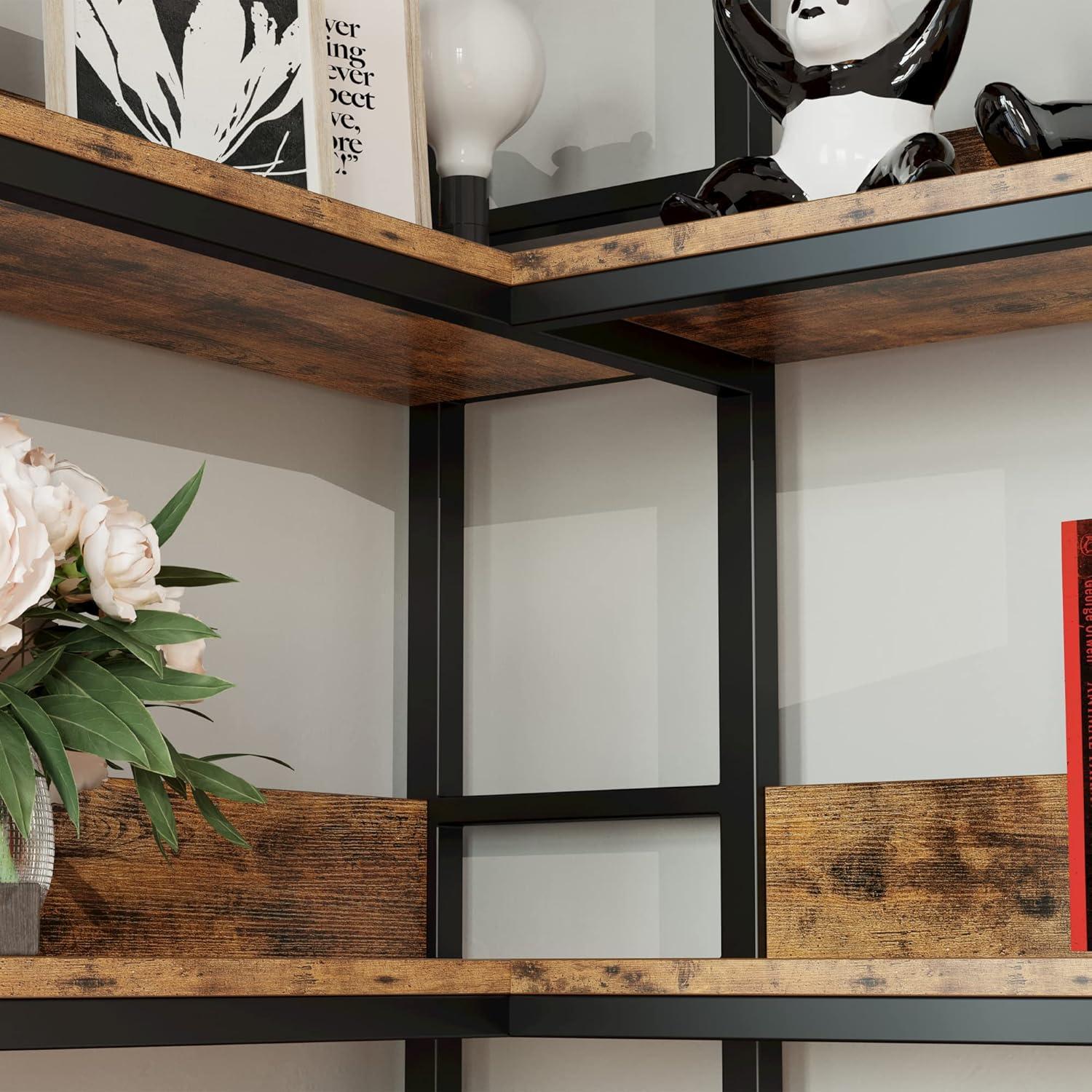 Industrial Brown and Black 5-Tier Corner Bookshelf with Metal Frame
━━━
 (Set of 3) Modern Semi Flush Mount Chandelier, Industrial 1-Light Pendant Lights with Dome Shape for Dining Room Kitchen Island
━━━
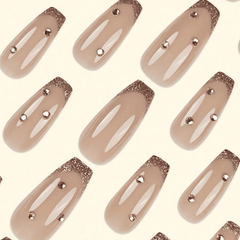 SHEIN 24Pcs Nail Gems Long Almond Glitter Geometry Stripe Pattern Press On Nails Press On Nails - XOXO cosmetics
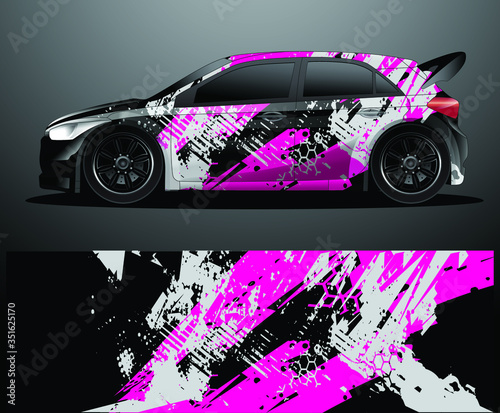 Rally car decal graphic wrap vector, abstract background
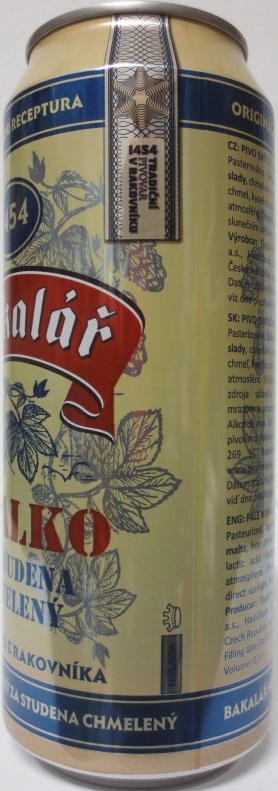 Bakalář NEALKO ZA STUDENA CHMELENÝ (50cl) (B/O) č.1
━━━
Within the material above, only the stretch from the line holding "SHEIN 24Pcs Nail" through the line holding "Bakalář NEALKO ZA" is to be restated exactly. Pictures are dropped.

▶ **Exercise answer**
 SHEIN 24Pcs Nail Gems Long Almond Glitter Geometry Stripe Pattern Press On Nails Press On Nails - XOXO cosmetics
 Rally car decal graphic wrap vector, abstract background
 Bakalář NEALKO ZA STUDENA CHMELENÝ (50cl) (B/O) č.1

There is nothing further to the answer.